While the world is distracted by the unending Greek saga (will it or won’t it leave the euro?) and the epic Chinese stock-market meltdown(and manipulation), something really important is going on. Three words sum it up: Iran and oil.

Negotiators have reached a deal with Iran to constrain its nuclear arms program. Despite the pessimism and outright fear-mongering, an agreement has been reached.

Don’t let China’s stock market and Greece’s debt melodrama distract you from paying attention to this issue — now that this deal is all butconsummated, the repercussions are potentially enormous.

The agreement to end 13 years of sanctions against Iran over its nuclear aspirations is likely to be the defining foreign policy achievement of the Obama administration.

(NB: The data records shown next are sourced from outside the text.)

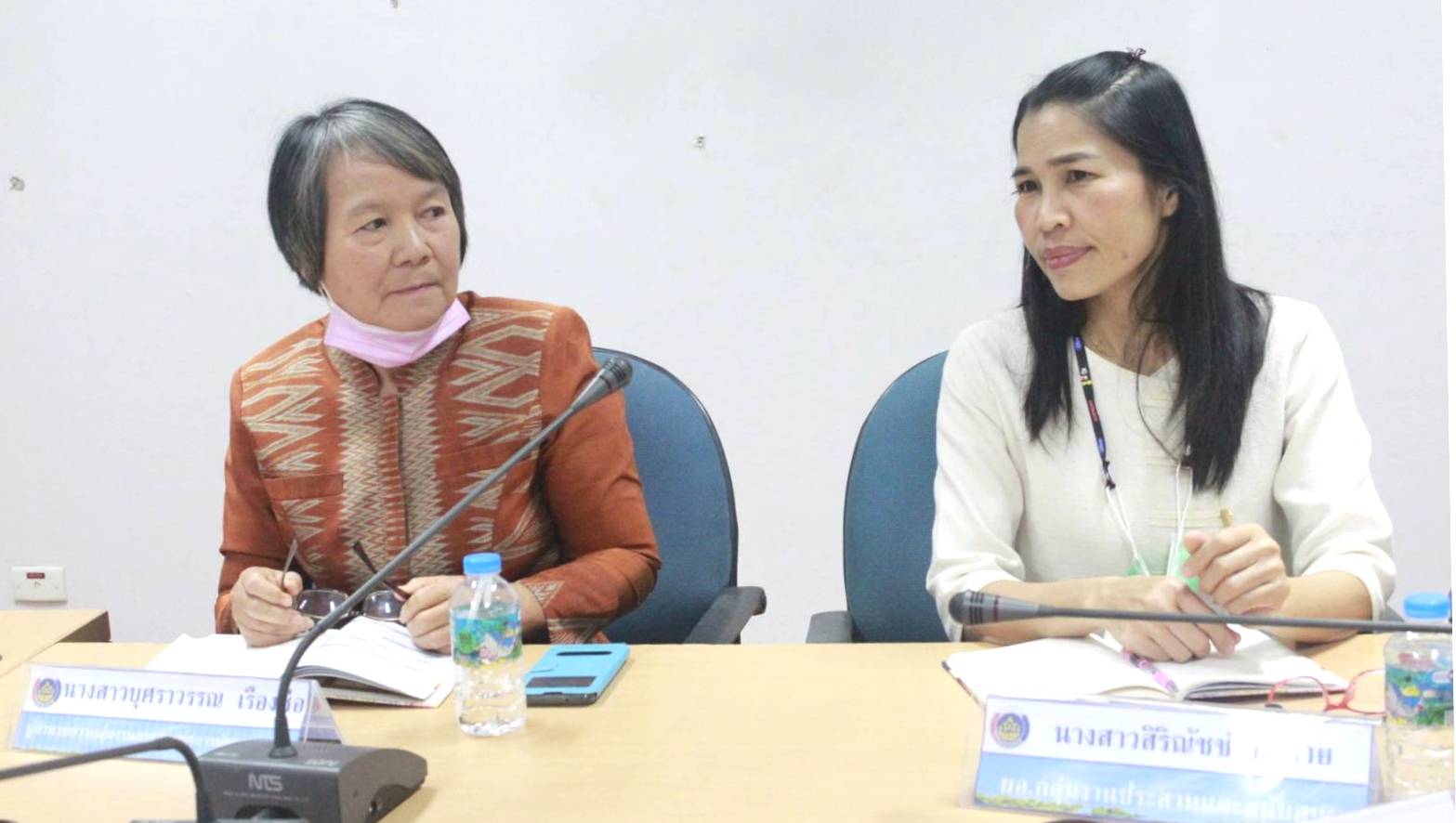 นายชัยวัฒน์ แสงศรี ผู้ตรวจราชการกรมการพัฒนาชุมชน เขตตรวจราชการที่ 10 กลุ่มจังหวัดภาคตะวันออกเฉียงเหนือตอนบน 1 ได้ประชุมติดตามการดำเนินงานพัฒนาชุมชนจังหวัดหนองคาย ประจำเดือน กุมภาพันธ์ 2564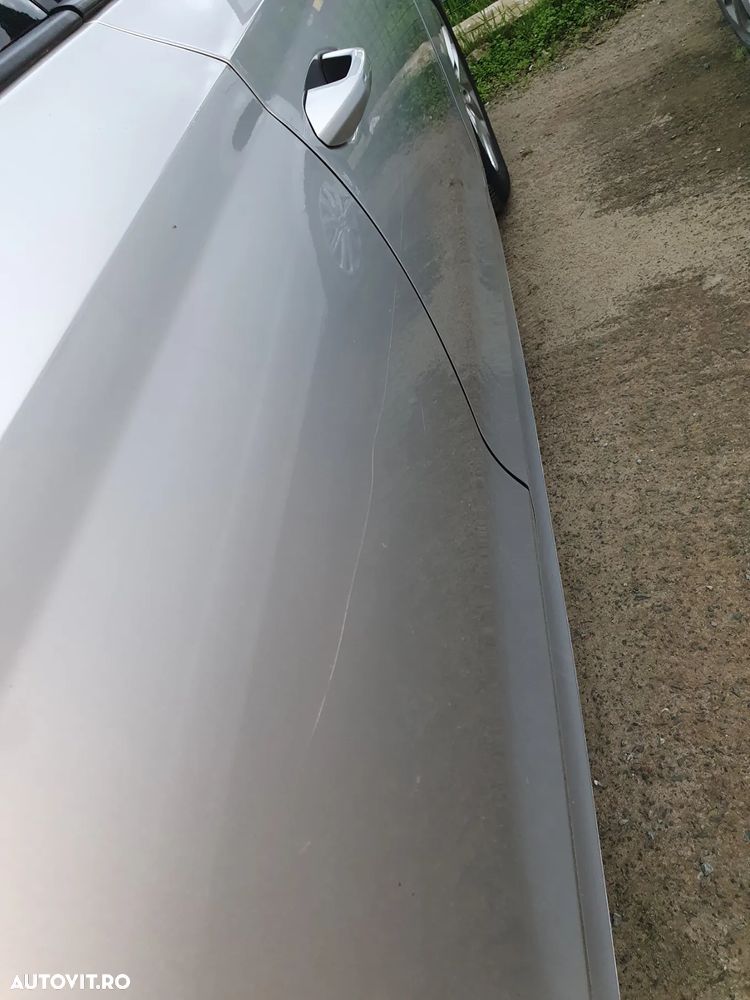 Skoda Octavia Combi 2.0 TDI Tour - 31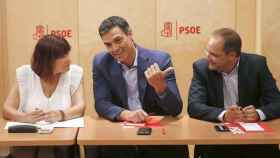 El secretario general del PSOE, Pedro Sánchez, junto a la presidenta, Micaela Navarro, y el secretario de Organización, César Luena, durante la reunión de la Ejecutiva y la dirección del grupo parlamentario. / EFE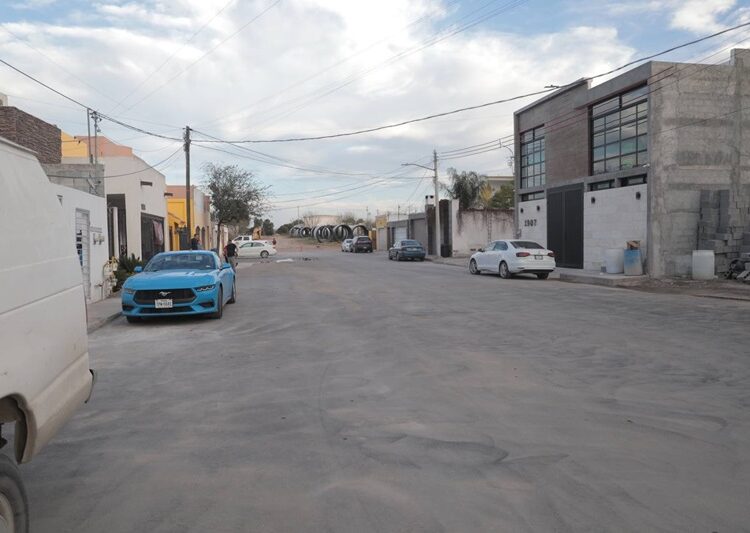 Inaugura Carmen Lilia plazas, vialidades y baños de unidad deportiva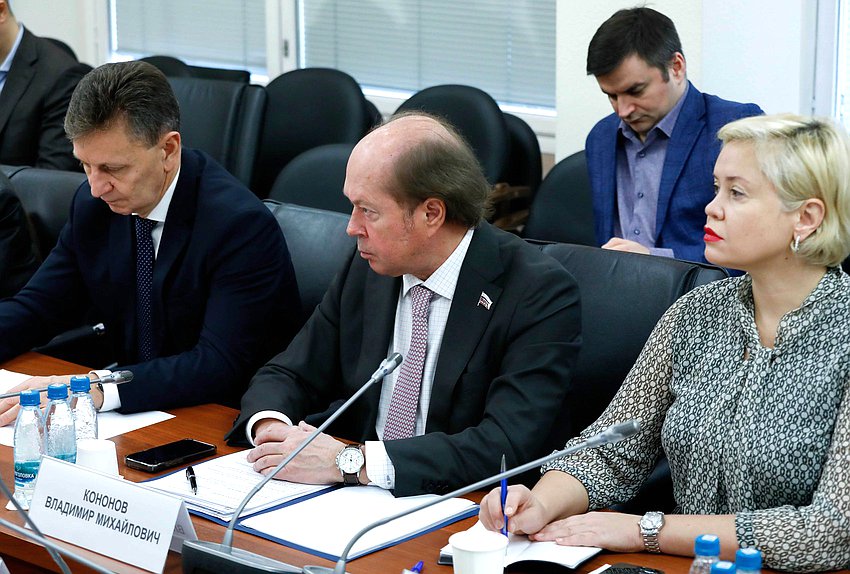 Первый заместитель Председателя Комитета по науке и высшему образованию Владимир Сипягин, заместители Председателя Комитета Владимир Кононов и Екатерина Харченко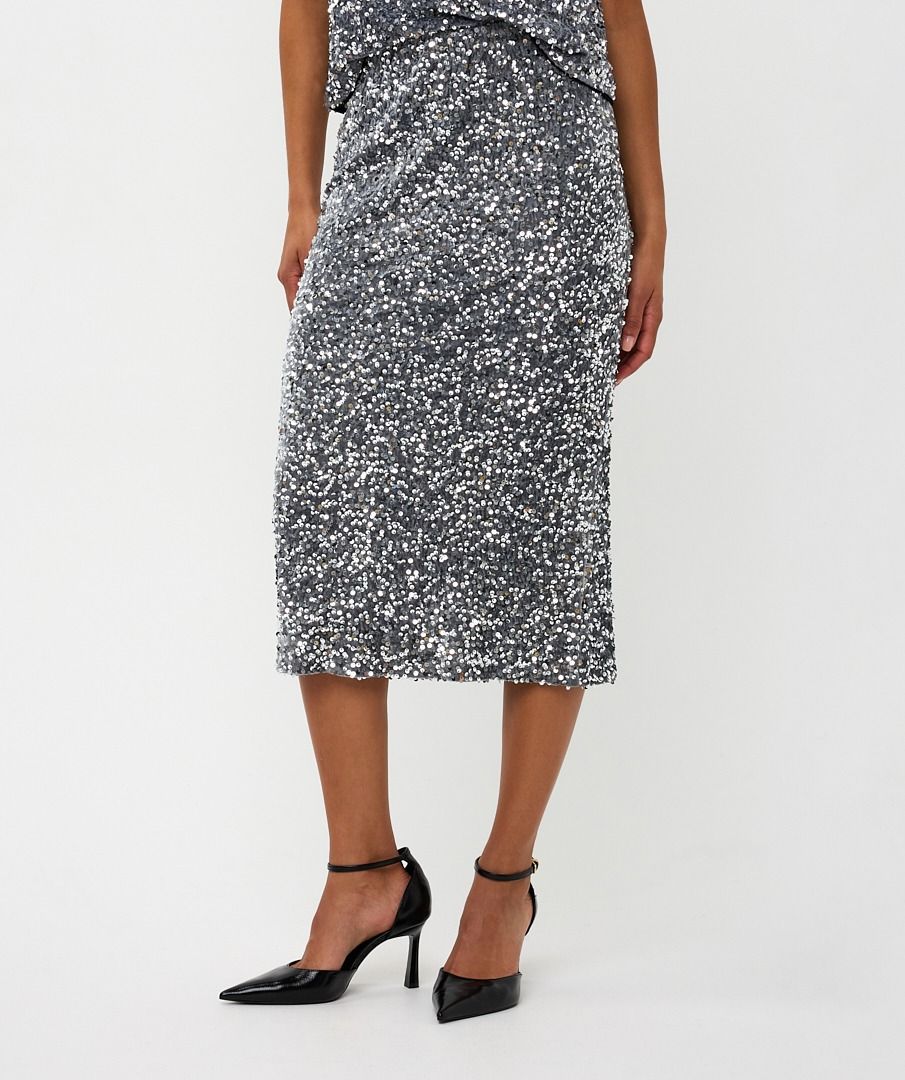 Sequin Skirt in silver by Esqualo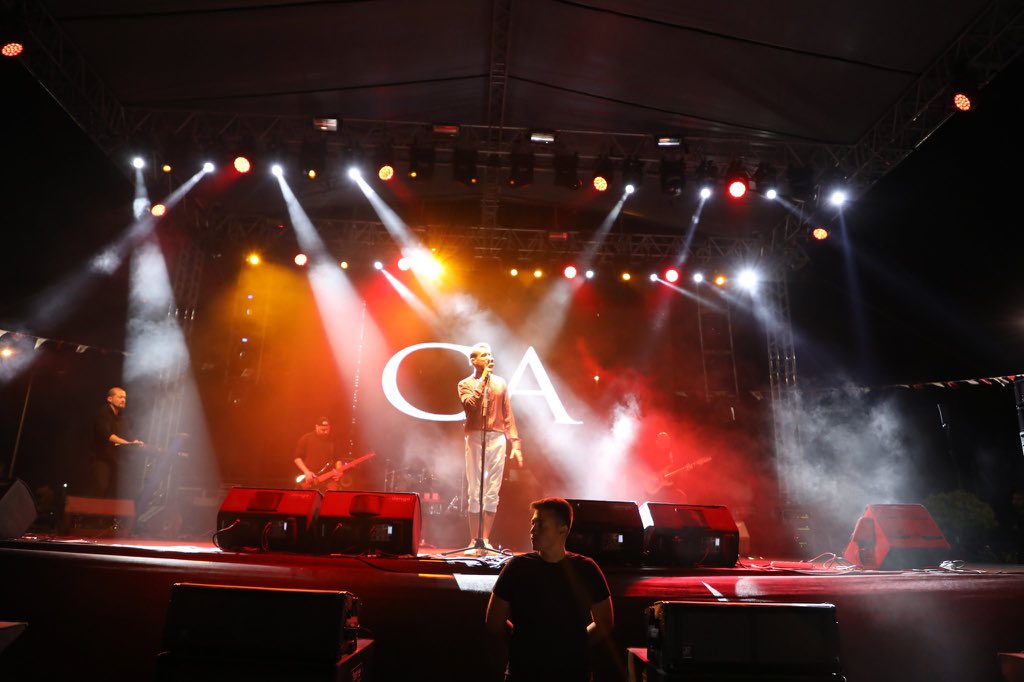 Yaklaşık iki yıl aradan sonra yeniden konsere gittik.<a href="/cemadrian/">cem adrian 💎</a> #AfyonMotofestteBulusuyoruz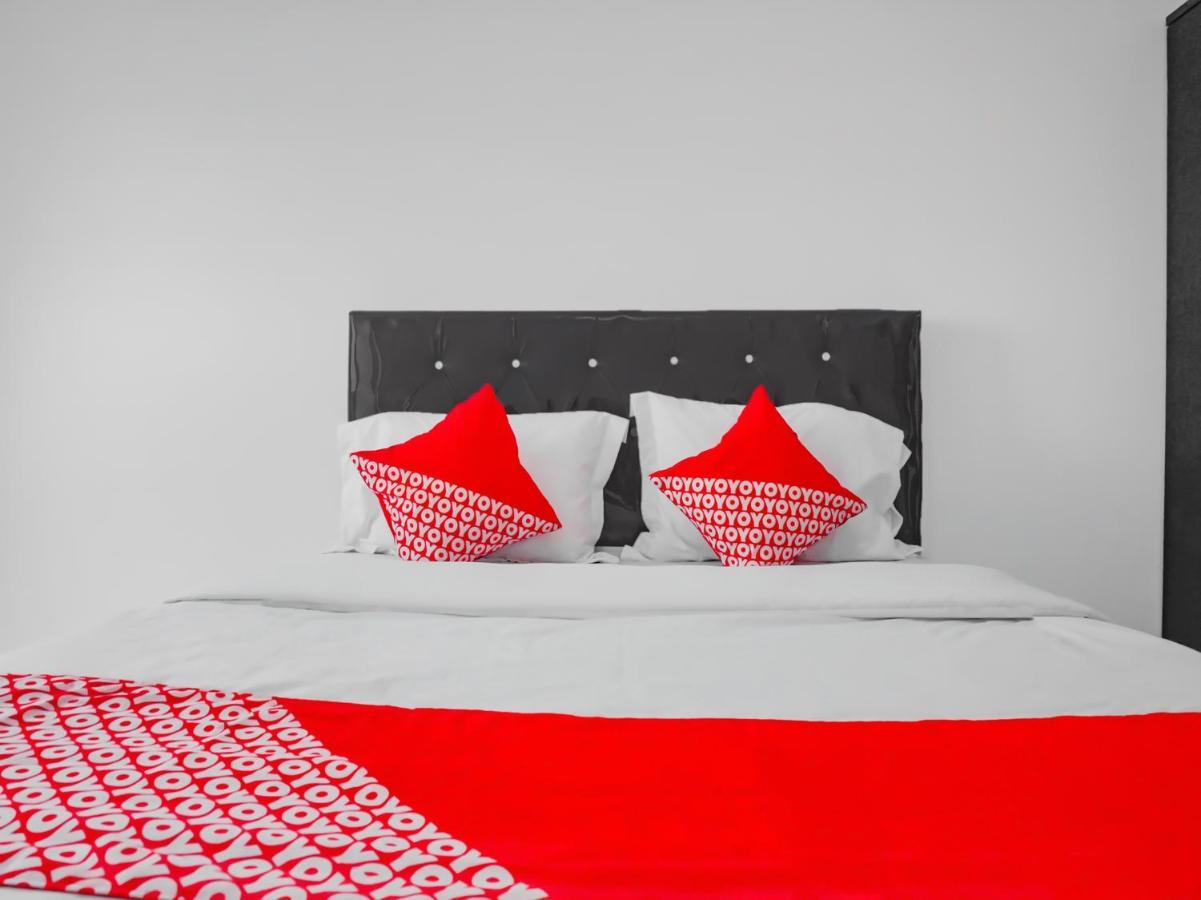Oyo 90241 Sirooms Apartmen Gunung Putri 보고르 외부 사진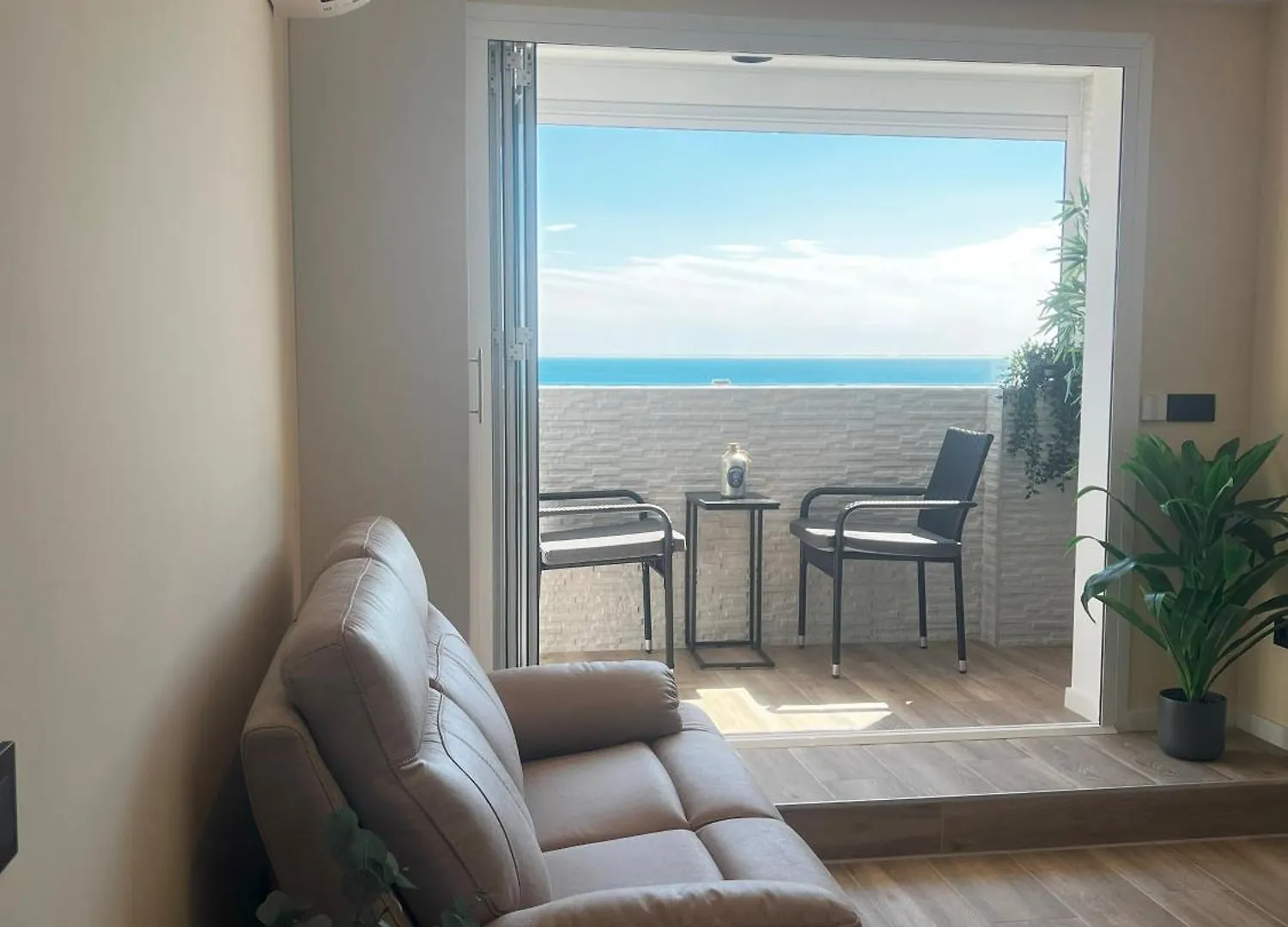 Penthouse On The Beach Empuriabrava Spain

Iran had opportunistically pursued its nuclear ambitions after 9/11, accelerating the program once its biggest regional enemy, Saddam Hussein, was removed by the U.S. military invasion.

Normalizing relations between one of the largest military powers in the Middle East and the major powers of the West is a huge, game-changing event. Iran’s ruling party wants access to global markets, technology and capital; Iranian youth would like to access to Western consumer goods, culture and most of all, the Internet. How much any of these become part of the end result of a deal has yet to be determined.

What is perhaps most fascinating about this deal is the role and ambitions of China and Russia.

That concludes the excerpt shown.